If using Cor-Ten steel seems antithetical to a community dedicated to preserving nature, consider this: The First Nations Community of Toronto, in conversation with designers Levitt Goodman Architects, thought that community residents would enjoy watching the steel exterior of the new Native Child and Family Life Center in Scarborough, Ontario, change over time through its oxidation. On the inside, the natural connection seems more literal, where an emphasis on indigenous materials highlights the interior of the 11,000-square-foot facility, which serves both child-care and community-gathering needs. Its exposed glulam post-and-beam construction—with prefabricated trusses to support the roof—references traditional building methods, with the locally harvested eastern white cedar providing a warmth not conveyed by drywall.
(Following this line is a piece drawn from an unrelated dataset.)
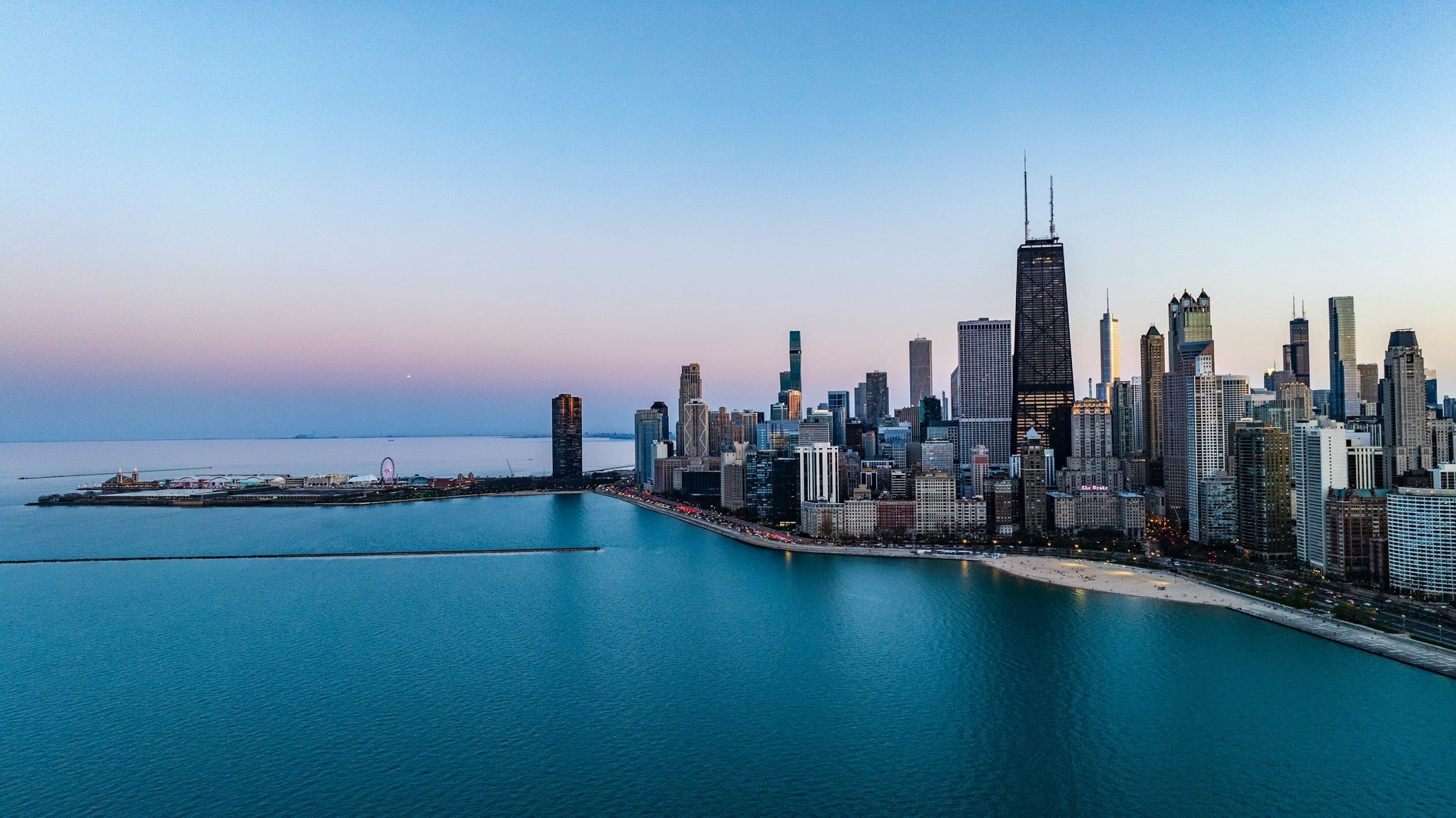 Aerial view of downtown Chicago at sunset, showing skyscrapers, Lake Michigan, and a stretch of sandy shoreline—an inspiring scene perfect for Educational Field Trips Chicago beneath a clear sky and calm blue water.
The firm’s approach, according to partner Dean Goodman, was to serve the community’s desire for culturally sensitive buildings. “They talked about wanting natural materials, but that doesn’t translate into form,” Goodman says. “On the form side, it’s about looking at how longhouses and sweat lodges were made—they’re not direct linkages, but they are interpretations of things that have cultural importance still.” The center’s construction, with exposed stud walls and joists, and structural decking, pays homage to these forms. To keep the facility natural, Levitt Goodman Architects used remnant pieces of wood for the flooring for most of the center, with nonvinyl linoleum in the kitchen areas.
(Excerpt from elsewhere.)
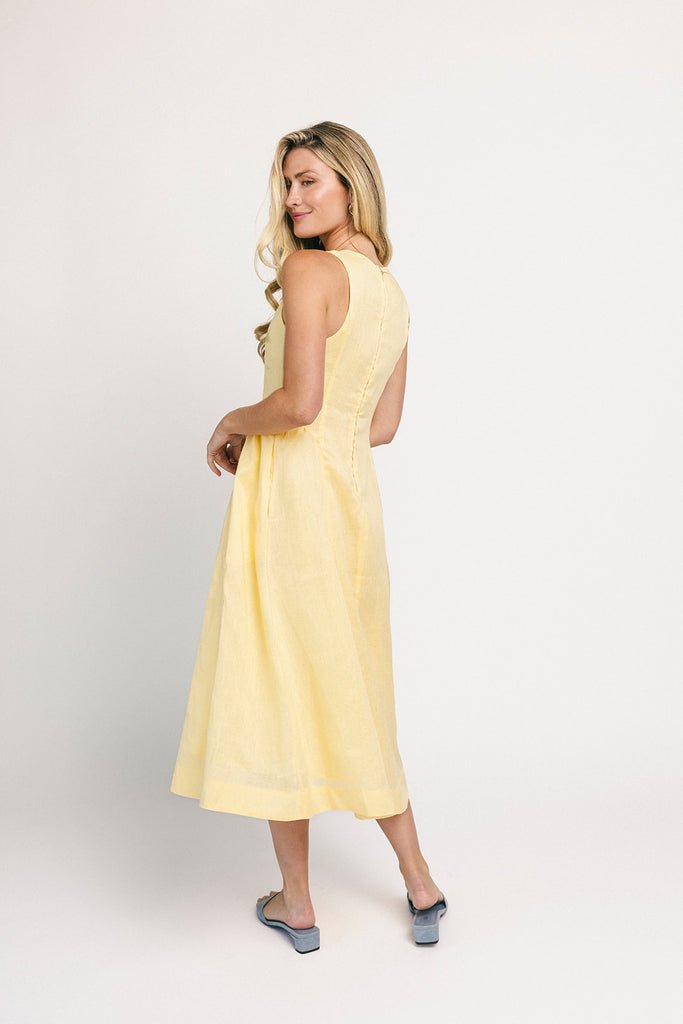 a classic yellow midi dress with a fitted bodice + a v waistline. the perfect vintage-inspired yellow dress for weddings, bridal showers, + garden parties.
The community’s interest in nature extends to the outdoor areas. Thanks to newly tightened local stormwater regulations, minimizing runoff is now standard practice in the region. Rather than simply collecting rainwater in storage tanks, the architects chose to filter it through a 2-foot-deep bioswale—a trench filled with filtering stones, which runs the length of the center’s playground. “All of the water that hits the roof collects in downspouts and gets directed into the bioswale,” Goodman says. “Our goal was to use the water as a design feature, making a design element out of something that is a requirement.”
The playground itself, meanwhile, bypassed conventional, brightly colored plastic for features such as berms, boulders, and tree-trunks to enhance the community’s connection to nature. Chalkboard walls on the storage shed’s exterior, which faces the playground, allow the space to become an outdoor classroom.
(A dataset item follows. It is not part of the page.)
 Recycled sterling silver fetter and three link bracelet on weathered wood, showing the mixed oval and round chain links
The center receives all of its heating and cooling from 325-foot-deep geothermal wells bored beneath the parking lot, with conventional heat pumps powering the closed-loop system. Windows punched through the Cor-Ten façade provide extra ventilation during the warmer months, and the second floor’s open kitchen radiates warmth during winter gatherings. In its new home, the First Nations Community will impart values of environmental stewardship on future generations. And though the winters in the Toronto area can be harsh, the Cor-Ten exterior should weather them nicely.